Bar 5-8: as Bar 1-4 with the descending ‘a campanella’ lick in between (beat 3 & 4)
Bar 9: beat 1 and 2: index on fret 1 of E, ring f. on fret 3 of B and an open G. beat 3 and 4: ring f on fret 6 of B, middle f. fret 5 of E, open G.
Bar 10: beat 1 and 2: index on fret 3 of E, ring f. on fret 5 of B and an open G. Beat 3 and 4: ring f on fret 8 of B, little f. fret 8 of E, open G.
Bar 11: beat 1 and 2: index on fret 1 of E, ring f. on fret 3 of B and an open G. Beat 3 and 4: Open B and G, index f. fret 1
Bar 12: beat 1 and 2: open G and E. index f. on fret 1 of B. Beat 3 and 4: descending lick.
Bar 13: beat 1 and 2: index on fret 1 of E, ring f. on fret 3 of B and an open G. Beat 3 and 4: ring f on fret 6 of B, middle f. fret 5 of E, open G.
Bar 14: beat 1 and 2: index on fret 3 of E, ring f. on fret 5 of B and an open G. Beat 3 and 4: middle f on fret 2 of B, little f. fret 3 of E, open G.
Bar 15: beat 1 and 2: index on fret 1 of E, ring f. on fret 3 of B and an open G. Beat 3 and 4: Open B and G, index f. fret 1
Bar 16: beat 1: open G, fret 1 of B, open E. beat 2: middle f fret 5of G, ring f. fret 5 of B, index f fret 3 of E. Beat 3: open G, index on fret 5 of B and little f fret 8 of E.
Congratulations, you have completed part 1 of 2. Part 2 will be featured in the next issue!
As always, you will be able to download a transcription by selecting the menu option in this page.
I strongly recommend experimenting with a few picking variations, changing the chords as you wish in terms voicing (higher or lower), as well as trying the same picking pattern on a different chord progression, or using a ‘capo’ on fret 2 or for a brighter outcome.
When repeating any section twice or more, you may want to play ‘sul ponticello’, (closer to the bridge) or ‘sul tasto’ (over the frets) for a more contrasting result.
As recommended in the previous columns, where we mainly focused on the picking hand, we ought to focus most of all on accuracy and consistency of tone.

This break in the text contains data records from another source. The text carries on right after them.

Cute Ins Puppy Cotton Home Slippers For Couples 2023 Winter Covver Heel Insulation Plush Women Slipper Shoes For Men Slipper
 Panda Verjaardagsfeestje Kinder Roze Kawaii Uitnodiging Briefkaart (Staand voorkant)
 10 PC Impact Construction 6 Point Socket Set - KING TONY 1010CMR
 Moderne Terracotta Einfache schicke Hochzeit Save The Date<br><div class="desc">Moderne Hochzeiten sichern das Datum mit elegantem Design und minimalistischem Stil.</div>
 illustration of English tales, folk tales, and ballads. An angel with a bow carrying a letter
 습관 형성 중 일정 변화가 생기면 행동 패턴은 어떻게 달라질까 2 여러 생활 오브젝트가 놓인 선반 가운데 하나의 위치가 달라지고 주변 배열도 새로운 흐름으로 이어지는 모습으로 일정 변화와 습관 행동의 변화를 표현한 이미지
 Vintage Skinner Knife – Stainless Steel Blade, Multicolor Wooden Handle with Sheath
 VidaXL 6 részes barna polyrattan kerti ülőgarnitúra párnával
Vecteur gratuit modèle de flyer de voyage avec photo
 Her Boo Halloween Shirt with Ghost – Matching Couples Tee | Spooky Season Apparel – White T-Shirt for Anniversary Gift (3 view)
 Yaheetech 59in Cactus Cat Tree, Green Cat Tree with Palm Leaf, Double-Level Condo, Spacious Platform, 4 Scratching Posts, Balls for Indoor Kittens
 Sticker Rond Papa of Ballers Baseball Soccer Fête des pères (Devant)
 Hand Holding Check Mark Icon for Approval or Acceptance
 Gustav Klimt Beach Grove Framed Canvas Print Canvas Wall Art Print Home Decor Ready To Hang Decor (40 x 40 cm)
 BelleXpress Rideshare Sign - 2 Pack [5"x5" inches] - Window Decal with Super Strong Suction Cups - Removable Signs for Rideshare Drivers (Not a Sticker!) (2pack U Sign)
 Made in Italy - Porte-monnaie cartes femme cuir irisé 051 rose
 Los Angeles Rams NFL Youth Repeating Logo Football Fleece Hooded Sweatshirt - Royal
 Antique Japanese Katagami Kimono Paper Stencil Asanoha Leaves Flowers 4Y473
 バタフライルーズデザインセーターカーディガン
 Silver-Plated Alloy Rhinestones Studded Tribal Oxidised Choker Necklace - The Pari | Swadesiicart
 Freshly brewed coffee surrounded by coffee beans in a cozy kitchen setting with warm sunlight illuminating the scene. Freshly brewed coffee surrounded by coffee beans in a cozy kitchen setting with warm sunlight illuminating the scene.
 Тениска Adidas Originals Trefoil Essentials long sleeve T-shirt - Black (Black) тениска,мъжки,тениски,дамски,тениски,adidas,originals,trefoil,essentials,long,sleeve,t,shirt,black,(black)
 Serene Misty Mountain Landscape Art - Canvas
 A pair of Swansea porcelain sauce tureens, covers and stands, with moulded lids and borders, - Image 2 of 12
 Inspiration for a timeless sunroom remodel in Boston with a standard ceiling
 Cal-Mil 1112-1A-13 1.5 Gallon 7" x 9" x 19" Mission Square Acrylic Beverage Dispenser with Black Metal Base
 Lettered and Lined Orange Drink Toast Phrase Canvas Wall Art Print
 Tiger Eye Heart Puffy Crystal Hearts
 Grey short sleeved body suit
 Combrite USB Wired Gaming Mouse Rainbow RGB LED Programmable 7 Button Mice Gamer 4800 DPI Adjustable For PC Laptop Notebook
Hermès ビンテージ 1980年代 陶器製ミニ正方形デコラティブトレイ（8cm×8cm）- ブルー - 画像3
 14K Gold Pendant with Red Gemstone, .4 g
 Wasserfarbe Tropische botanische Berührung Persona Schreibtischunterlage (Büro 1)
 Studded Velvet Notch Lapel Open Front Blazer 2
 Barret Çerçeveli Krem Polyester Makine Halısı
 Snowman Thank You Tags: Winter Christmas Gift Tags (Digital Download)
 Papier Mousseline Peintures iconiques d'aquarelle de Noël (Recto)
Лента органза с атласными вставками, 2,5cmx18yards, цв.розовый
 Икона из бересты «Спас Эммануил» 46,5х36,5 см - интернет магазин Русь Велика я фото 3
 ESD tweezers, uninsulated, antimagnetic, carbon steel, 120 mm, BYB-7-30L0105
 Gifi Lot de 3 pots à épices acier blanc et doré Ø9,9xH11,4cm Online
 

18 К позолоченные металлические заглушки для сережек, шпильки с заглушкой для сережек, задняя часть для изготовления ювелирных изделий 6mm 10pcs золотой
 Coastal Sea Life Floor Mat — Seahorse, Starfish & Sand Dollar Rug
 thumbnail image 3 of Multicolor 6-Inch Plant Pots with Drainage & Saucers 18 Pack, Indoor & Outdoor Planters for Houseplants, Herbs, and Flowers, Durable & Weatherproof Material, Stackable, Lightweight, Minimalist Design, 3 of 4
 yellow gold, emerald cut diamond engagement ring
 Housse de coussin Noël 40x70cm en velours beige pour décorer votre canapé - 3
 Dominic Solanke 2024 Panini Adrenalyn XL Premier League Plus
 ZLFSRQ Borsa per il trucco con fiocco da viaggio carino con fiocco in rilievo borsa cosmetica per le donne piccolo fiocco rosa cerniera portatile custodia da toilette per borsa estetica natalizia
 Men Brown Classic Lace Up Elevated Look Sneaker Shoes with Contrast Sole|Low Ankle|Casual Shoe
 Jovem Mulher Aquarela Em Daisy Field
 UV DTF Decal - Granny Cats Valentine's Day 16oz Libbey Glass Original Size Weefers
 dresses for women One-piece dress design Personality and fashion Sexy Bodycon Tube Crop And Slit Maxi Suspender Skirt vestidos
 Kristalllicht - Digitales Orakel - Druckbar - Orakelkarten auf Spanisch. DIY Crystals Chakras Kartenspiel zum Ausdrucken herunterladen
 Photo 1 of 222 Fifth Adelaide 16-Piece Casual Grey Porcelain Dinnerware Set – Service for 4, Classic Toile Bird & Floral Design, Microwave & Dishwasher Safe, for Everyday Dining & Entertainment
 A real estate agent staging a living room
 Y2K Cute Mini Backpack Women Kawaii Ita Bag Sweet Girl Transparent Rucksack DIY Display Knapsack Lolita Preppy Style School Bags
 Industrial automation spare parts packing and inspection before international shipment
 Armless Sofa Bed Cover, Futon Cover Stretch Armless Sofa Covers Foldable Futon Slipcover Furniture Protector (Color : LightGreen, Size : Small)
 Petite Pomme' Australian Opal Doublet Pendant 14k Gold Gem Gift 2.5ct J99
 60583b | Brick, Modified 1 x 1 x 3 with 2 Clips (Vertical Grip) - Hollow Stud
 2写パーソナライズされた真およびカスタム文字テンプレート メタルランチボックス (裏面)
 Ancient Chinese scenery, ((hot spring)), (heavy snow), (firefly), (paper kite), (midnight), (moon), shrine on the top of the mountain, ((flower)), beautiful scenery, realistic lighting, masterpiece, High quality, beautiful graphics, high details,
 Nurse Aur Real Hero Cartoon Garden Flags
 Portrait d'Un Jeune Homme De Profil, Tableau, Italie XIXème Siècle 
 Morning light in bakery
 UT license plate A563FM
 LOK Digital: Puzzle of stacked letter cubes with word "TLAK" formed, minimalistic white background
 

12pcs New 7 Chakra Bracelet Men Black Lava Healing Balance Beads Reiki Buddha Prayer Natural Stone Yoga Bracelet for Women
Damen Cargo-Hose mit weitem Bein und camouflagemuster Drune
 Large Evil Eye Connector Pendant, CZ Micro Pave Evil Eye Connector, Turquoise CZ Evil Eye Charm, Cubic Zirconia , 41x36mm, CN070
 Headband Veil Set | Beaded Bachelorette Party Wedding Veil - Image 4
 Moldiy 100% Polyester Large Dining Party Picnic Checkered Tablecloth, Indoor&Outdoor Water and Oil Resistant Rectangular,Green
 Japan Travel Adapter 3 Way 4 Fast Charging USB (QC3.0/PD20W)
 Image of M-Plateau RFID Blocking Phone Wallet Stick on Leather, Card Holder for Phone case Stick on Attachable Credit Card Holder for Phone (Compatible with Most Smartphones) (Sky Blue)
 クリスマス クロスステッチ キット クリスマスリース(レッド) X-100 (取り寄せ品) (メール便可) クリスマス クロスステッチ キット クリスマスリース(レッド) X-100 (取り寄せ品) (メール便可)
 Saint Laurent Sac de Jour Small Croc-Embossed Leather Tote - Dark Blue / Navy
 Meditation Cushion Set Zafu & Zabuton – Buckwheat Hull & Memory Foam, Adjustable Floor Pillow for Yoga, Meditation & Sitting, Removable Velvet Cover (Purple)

Strategies to further improvement include the use of the planting technique described in the previous columns, resting our fingers onto the chosen strings, and executing each stroke with a controlled and even pressure and with tonal and dynamic awareness. Each note we play should sound as full-bodied and as good as the previous one. You may want to refer to my previous columns for a more thorough explanation of the ‘a campanella’ technique.
Please focus on minimum-movement approach, as this will help delivering the piece in a more accurate and consistent manner, while saving energy.
This will complete this fingerstyle and guitar composition lesson.
Creating this piece was great fun and also an excellent way to further develop my coordination skills, essential to play fingerstyle guitar.
I hope you will enjoy playing this study piece and that this will give you some ideas on how to write your own solo guitar compositions.